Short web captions

»»

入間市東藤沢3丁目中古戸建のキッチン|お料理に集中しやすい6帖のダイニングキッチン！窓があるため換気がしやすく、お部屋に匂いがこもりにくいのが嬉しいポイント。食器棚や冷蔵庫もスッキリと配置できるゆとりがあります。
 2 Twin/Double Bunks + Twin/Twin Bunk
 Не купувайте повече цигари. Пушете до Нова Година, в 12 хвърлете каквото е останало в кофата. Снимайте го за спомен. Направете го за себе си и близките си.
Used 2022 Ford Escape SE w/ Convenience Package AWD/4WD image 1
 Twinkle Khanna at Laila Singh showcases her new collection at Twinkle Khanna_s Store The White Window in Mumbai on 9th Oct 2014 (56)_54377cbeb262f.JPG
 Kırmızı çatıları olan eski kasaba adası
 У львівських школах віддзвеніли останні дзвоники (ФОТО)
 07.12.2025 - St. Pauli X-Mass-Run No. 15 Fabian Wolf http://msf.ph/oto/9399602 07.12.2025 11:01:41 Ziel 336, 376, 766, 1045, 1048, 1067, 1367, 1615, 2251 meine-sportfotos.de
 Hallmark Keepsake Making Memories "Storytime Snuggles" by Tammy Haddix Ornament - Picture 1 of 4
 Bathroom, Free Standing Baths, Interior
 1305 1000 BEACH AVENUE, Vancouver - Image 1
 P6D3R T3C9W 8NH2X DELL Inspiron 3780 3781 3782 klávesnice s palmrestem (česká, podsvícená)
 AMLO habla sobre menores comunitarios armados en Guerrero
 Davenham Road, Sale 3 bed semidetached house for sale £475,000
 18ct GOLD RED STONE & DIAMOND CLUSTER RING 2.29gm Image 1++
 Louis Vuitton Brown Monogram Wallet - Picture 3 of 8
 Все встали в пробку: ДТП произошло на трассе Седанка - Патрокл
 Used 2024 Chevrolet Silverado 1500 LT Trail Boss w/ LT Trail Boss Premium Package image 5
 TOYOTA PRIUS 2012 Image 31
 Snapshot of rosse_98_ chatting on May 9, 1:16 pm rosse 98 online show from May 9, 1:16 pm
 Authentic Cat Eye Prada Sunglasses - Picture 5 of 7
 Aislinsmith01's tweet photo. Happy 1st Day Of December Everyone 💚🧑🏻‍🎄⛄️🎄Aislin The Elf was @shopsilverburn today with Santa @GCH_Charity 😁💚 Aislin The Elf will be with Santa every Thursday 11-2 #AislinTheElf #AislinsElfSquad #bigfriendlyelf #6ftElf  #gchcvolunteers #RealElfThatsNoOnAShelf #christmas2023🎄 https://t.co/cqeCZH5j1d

««

### Task instructions
Of the lines above, output exactly those from the line bearing "1305 1000 BEACH AVENUE, Vancouver - Image 1" through the line bearing "TOYOTA PRIUS 2012 Image 31", inclusive.

### Answer
 1305 1000 BEACH AVENUE, Vancouver - Image 1
 P6D3R T3C9W 8NH2X DELL Inspiron 3780 3781 3782 klávesnice s palmrestem (česká, podsvícená)
 AMLO habla sobre menores comunitarios armados en Guerrero
 Davenham Road, Sale 3 bed semidetached house for sale £475,000
 18ct GOLD RED STONE & DIAMOND CLUSTER RING 2.29gm Image 1++
 Louis Vuitton Brown Monogram Wallet - Picture 3 of 8
 Все встали в пробку: ДТП произошло на трассе Седанка - Патрокл
 Used 2024 Chevrolet Silverado 1500 LT Trail Boss w/ LT Trail Boss Premium Package image 5
 TOYOTA PRIUS 2012 Image 31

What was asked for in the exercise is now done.